[[ INPUT open ]]

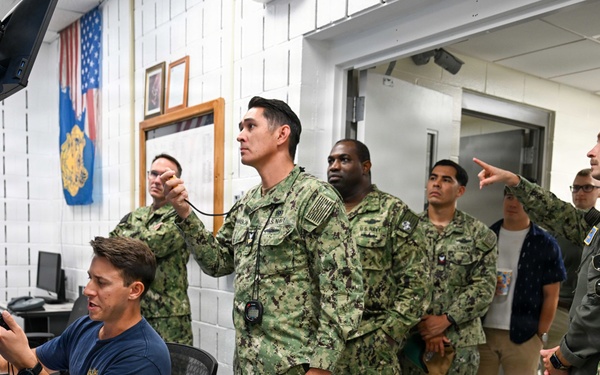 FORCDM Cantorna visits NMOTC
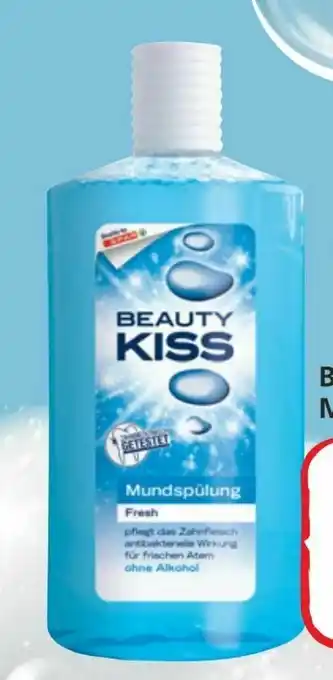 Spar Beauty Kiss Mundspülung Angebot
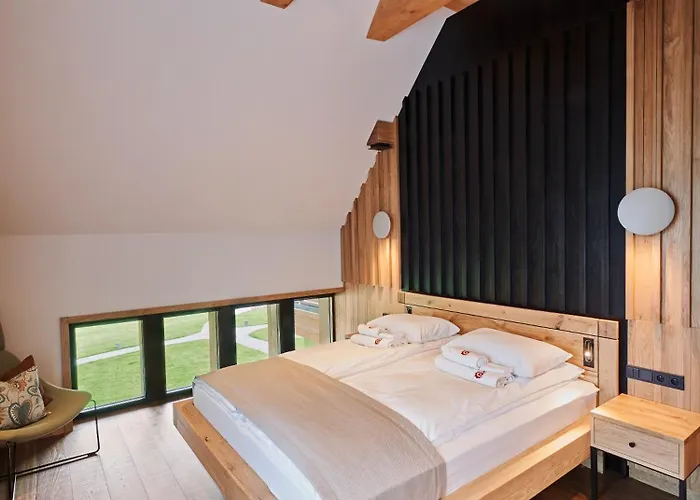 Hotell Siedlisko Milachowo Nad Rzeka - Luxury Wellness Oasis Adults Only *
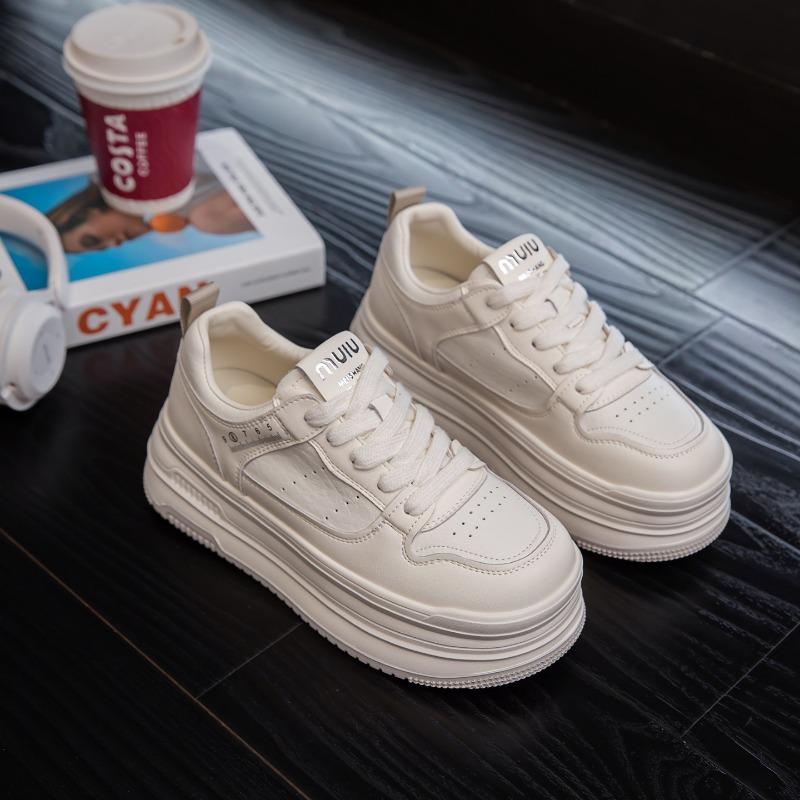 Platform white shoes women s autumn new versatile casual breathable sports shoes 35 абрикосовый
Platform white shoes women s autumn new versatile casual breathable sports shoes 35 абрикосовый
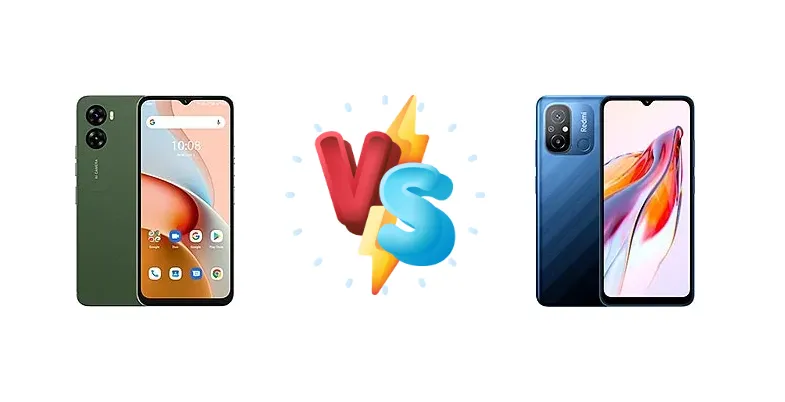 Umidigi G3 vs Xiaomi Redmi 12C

[[ INPUT closed ]]

- [YOUR GOAL]: Starting at the line that holds "Hotell Siedlisko Milachowo" and ending at the last line of the material above, repeat each line exactly, both ends included, and leave the pictures out.

- [SOLVED PROBLEM]:
 Hotell Siedlisko Milachowo Nad Rzeka - Luxury Wellness Oasis Adults Only *
 Platform white shoes women s autumn new versatile casual breathable sports shoes 35 абрикосовый
Platform white shoes women s autumn new versatile casual breathable sports shoes 35 абрикосовый
 Umidigi G3 vs Xiaomi Redmi 12C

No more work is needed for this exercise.